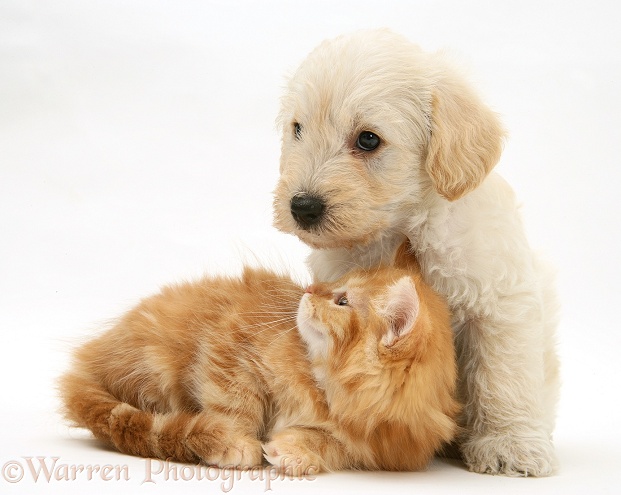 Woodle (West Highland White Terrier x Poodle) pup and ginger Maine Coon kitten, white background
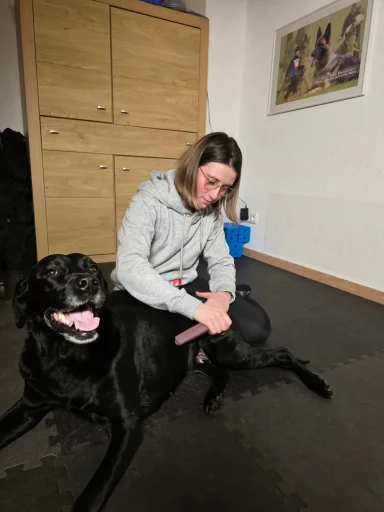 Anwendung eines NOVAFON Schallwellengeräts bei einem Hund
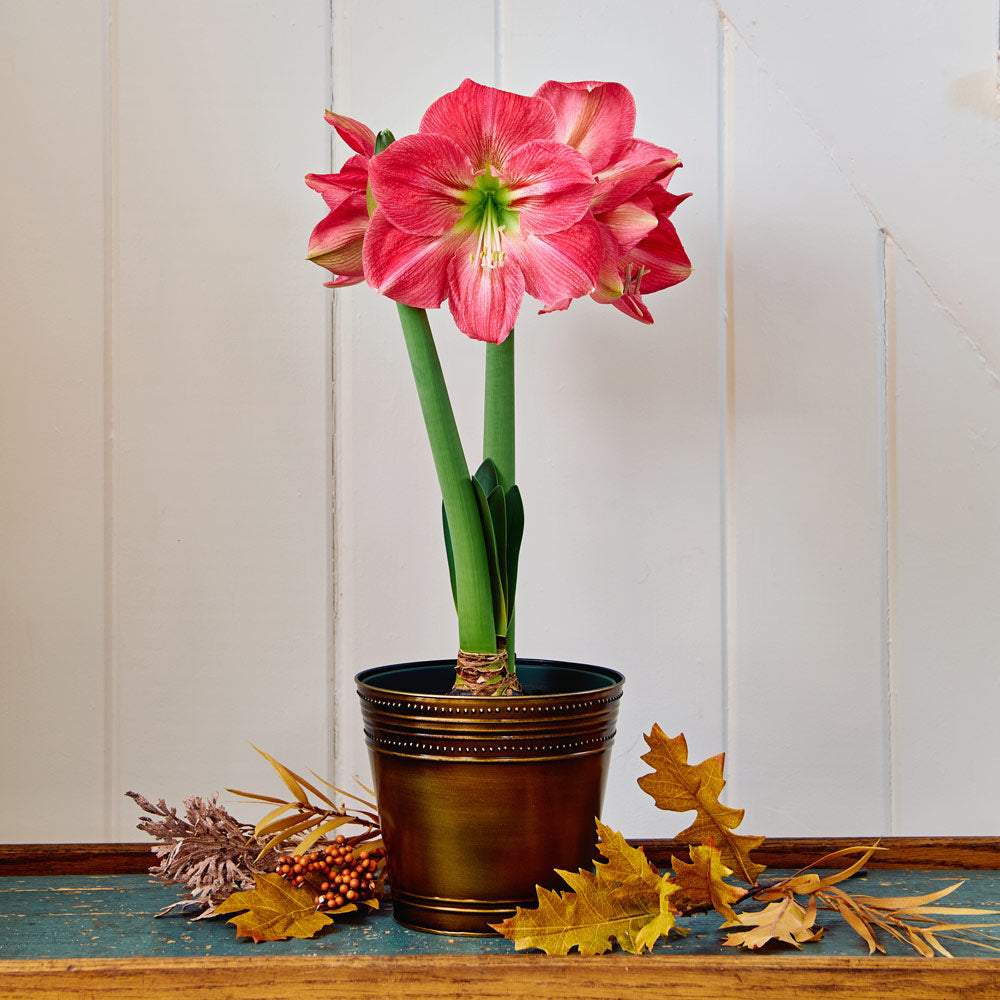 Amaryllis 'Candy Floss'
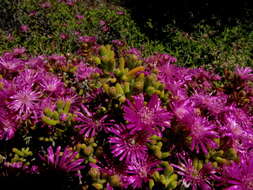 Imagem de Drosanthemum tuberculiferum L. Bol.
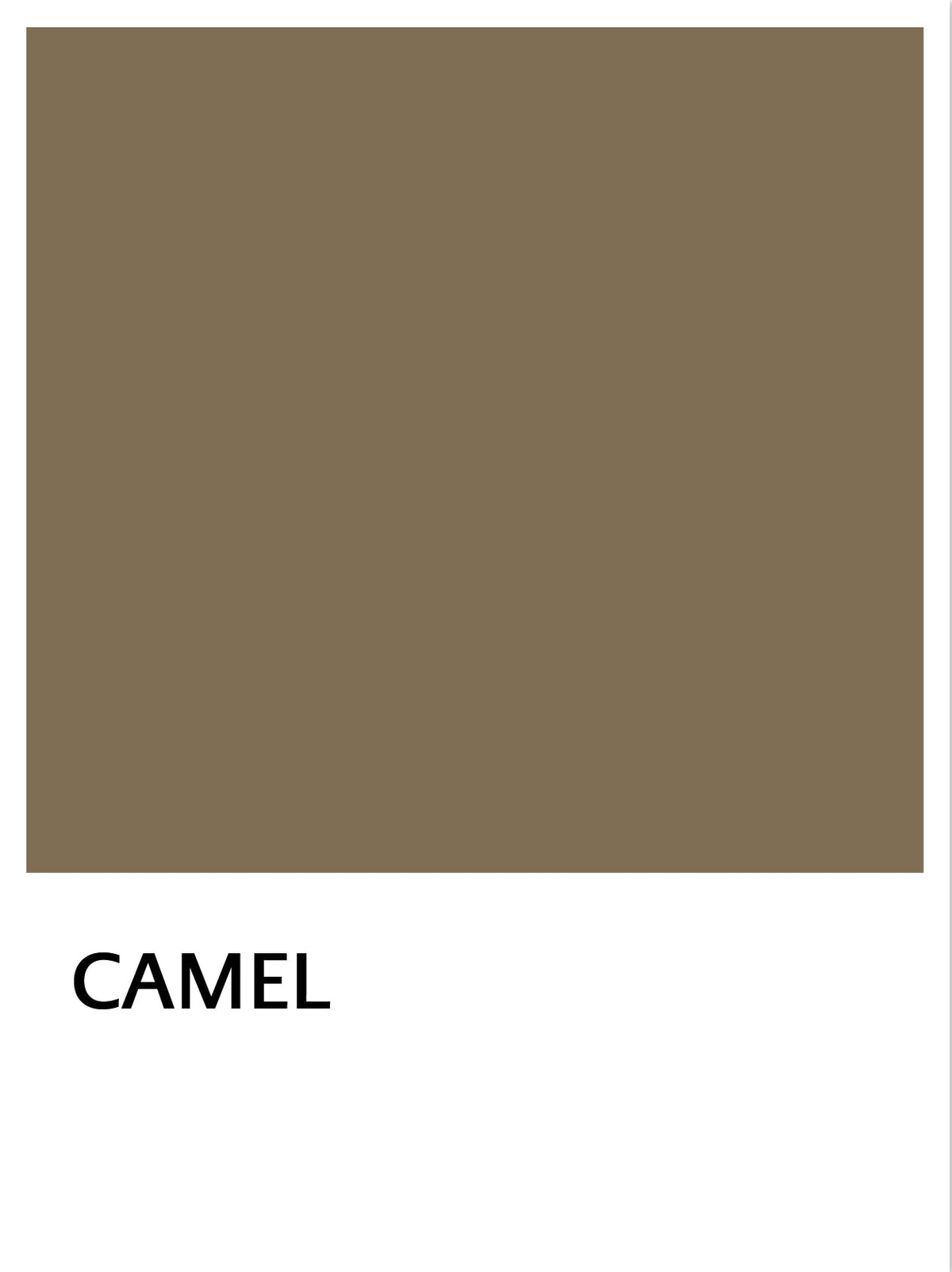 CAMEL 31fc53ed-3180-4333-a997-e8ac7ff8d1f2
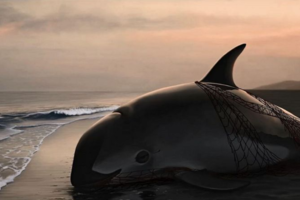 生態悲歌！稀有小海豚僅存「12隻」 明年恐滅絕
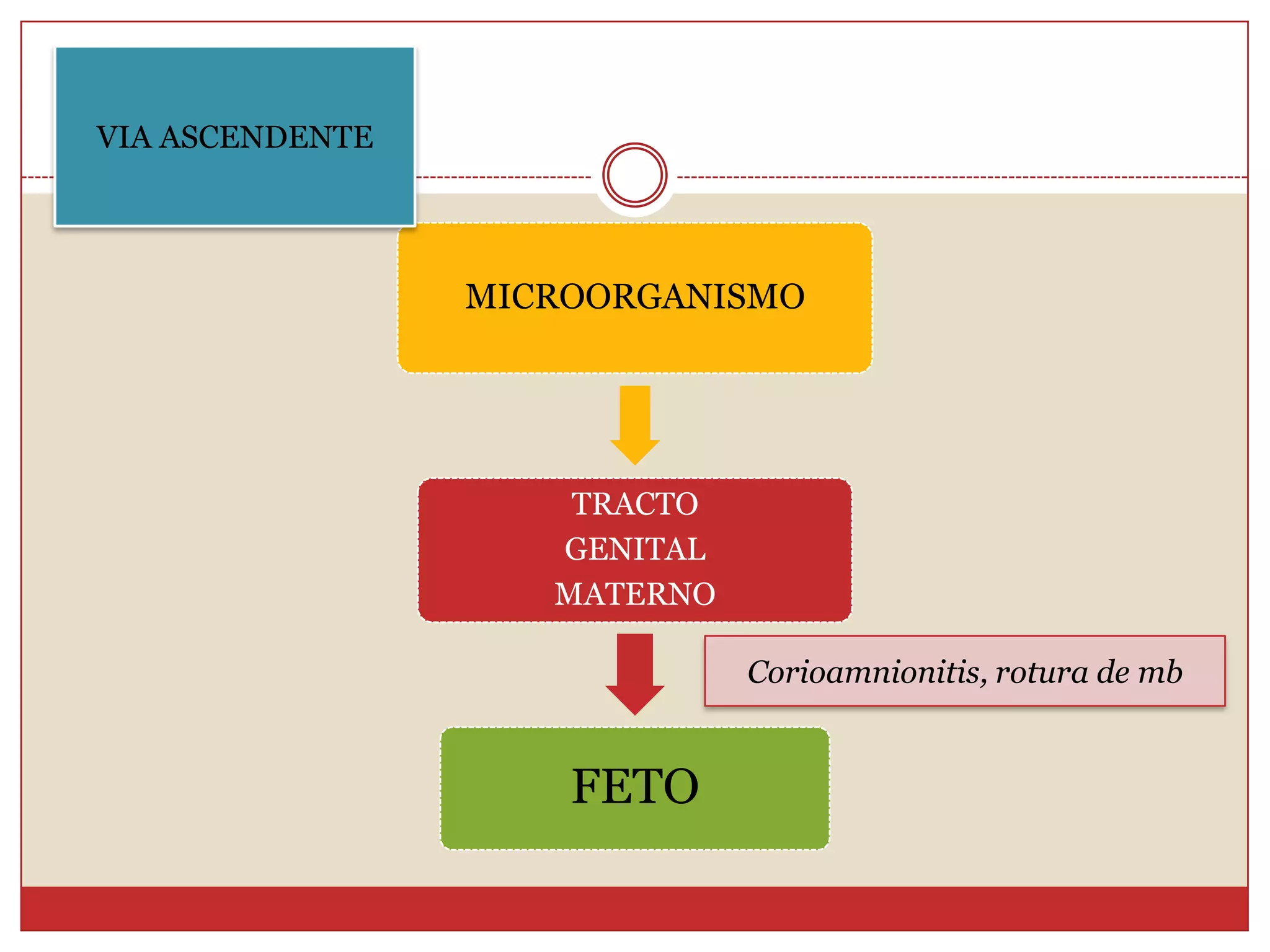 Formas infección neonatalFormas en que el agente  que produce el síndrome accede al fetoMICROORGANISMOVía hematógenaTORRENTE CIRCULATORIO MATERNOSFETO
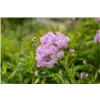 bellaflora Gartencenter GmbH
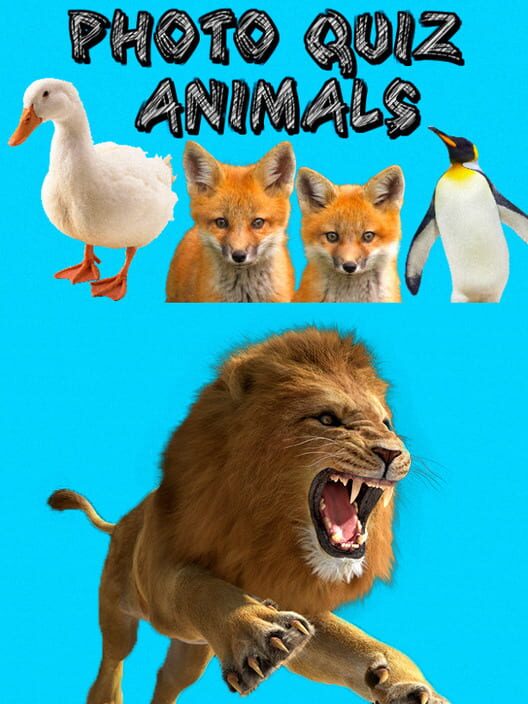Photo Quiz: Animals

■ ■ ■

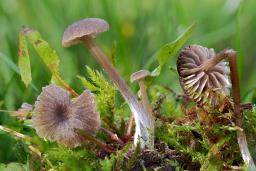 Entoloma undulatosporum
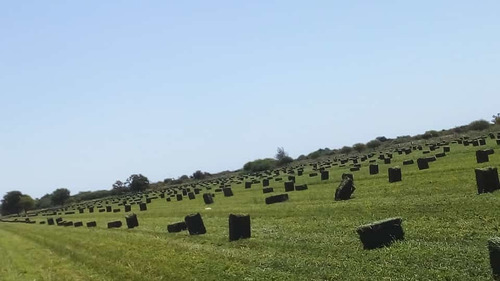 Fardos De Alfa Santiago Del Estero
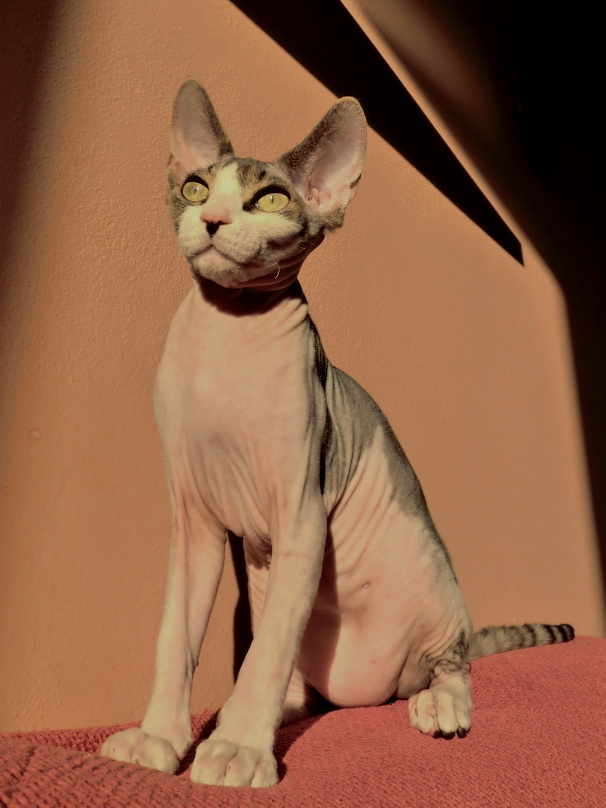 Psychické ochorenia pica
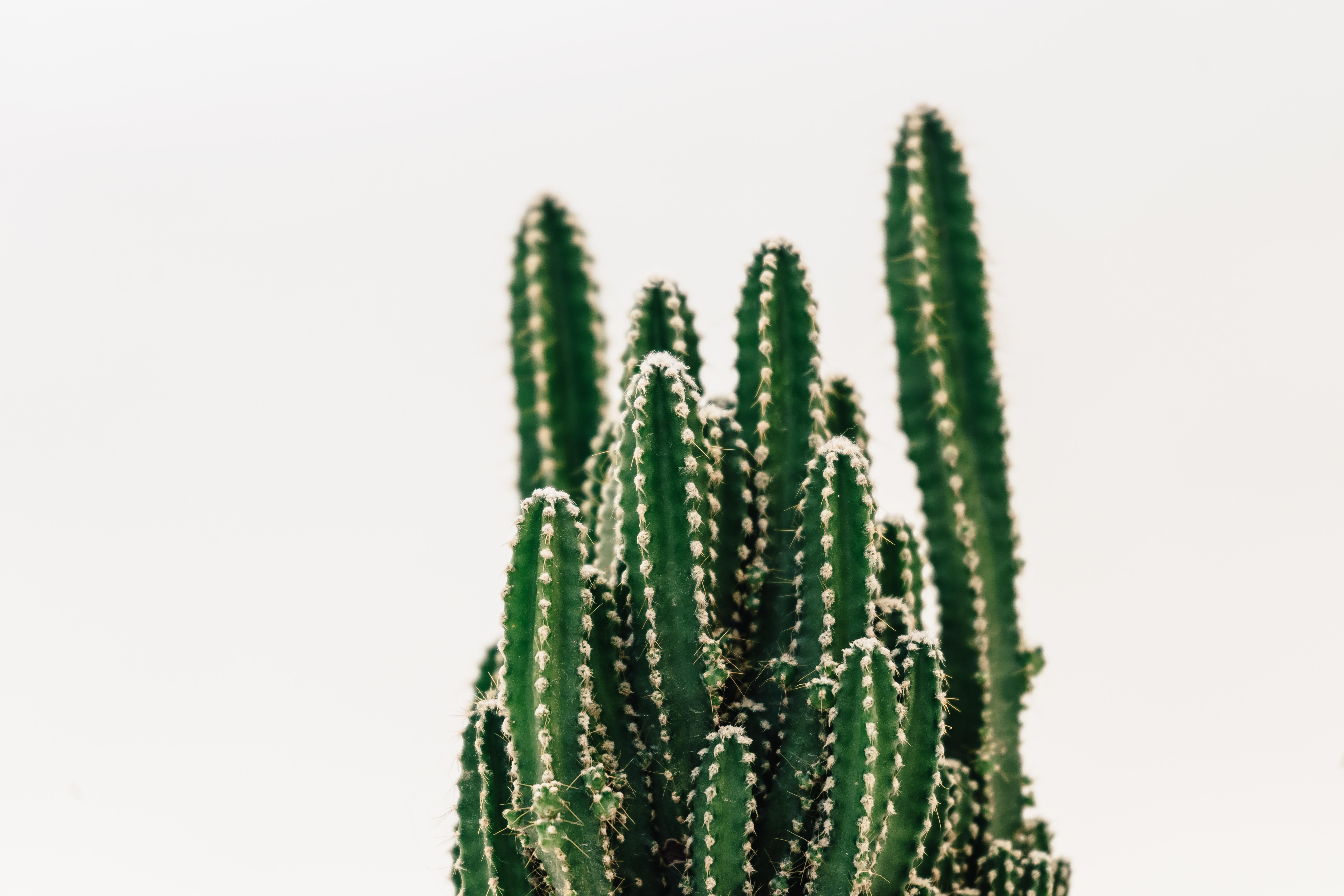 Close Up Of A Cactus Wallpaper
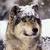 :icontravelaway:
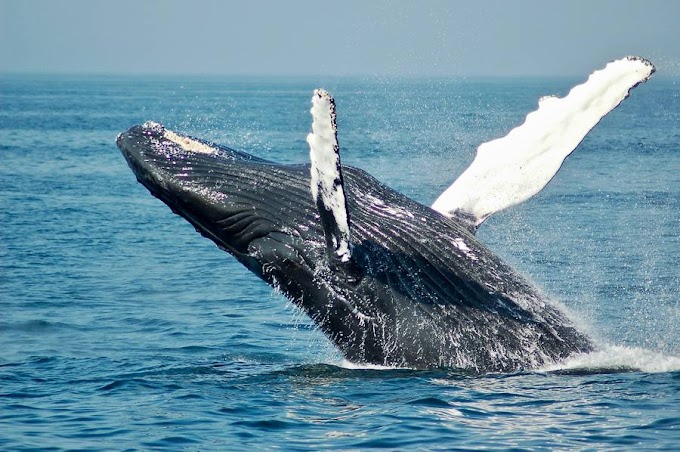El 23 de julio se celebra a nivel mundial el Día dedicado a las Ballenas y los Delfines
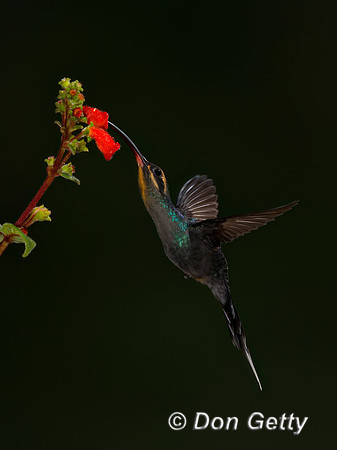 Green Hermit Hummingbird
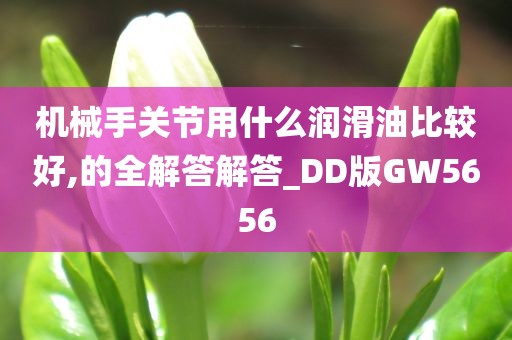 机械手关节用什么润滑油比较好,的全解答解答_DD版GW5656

■ ■ ■

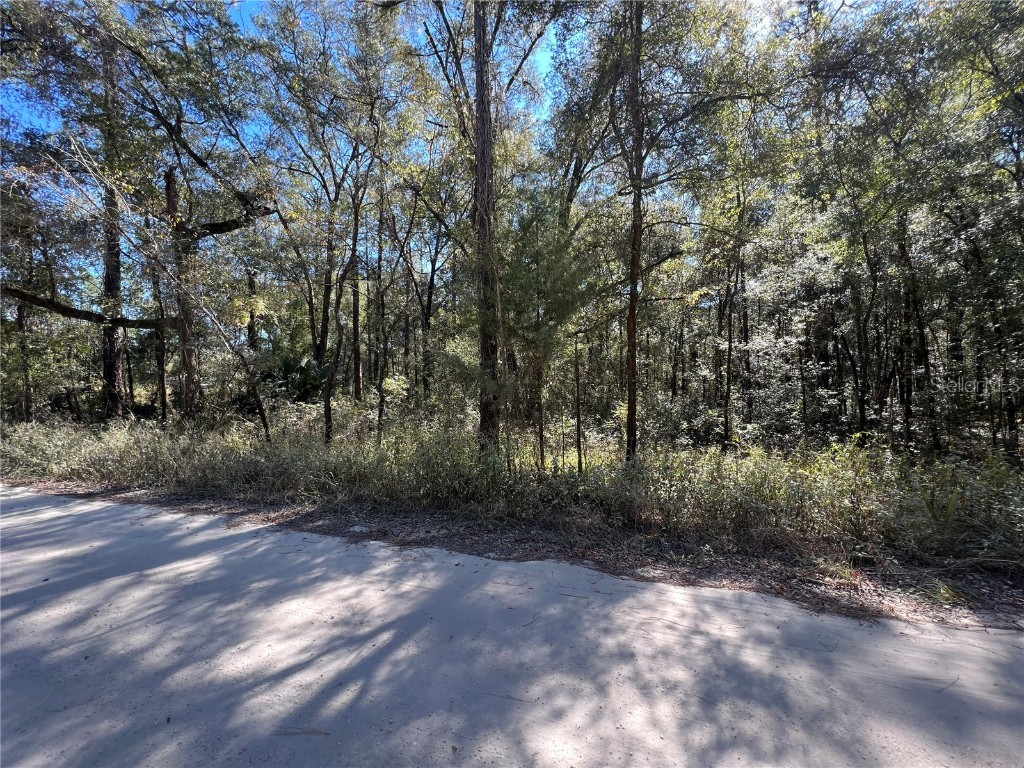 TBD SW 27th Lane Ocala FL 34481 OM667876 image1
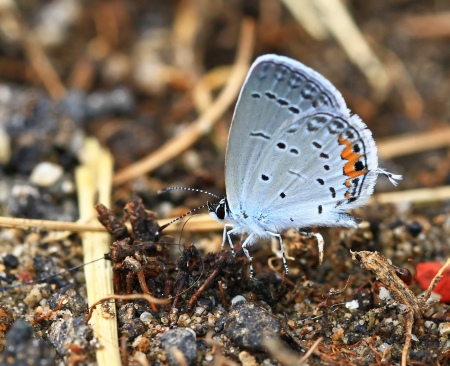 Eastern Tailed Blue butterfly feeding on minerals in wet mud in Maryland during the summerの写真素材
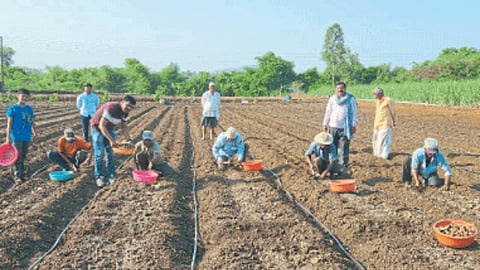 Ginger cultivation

■ ■ ■

**ASSIGNMENT:** Print exactly the lines above that run from the one with "Woodle (West Highland" to the one with "生態悲歌！稀有小海豚僅存「12隻」 明年恐滅絕", both included. No pictures.

**ANSWER BOX:**
 Woodle (West Highland White Terrier x Poodle) pup and ginger Maine Coon kitten, white background
 Anwendung eines NOVAFON Schallwellengeräts bei einem Hund
 Amaryllis 'Candy Floss'
 Imagem de Drosanthemum tuberculiferum L. Bol.
 CAMEL 31fc53ed-3180-4333-a997-e8ac7ff8d1f2
 生態悲歌！稀有小海豚僅存「12隻」 明年恐滅絕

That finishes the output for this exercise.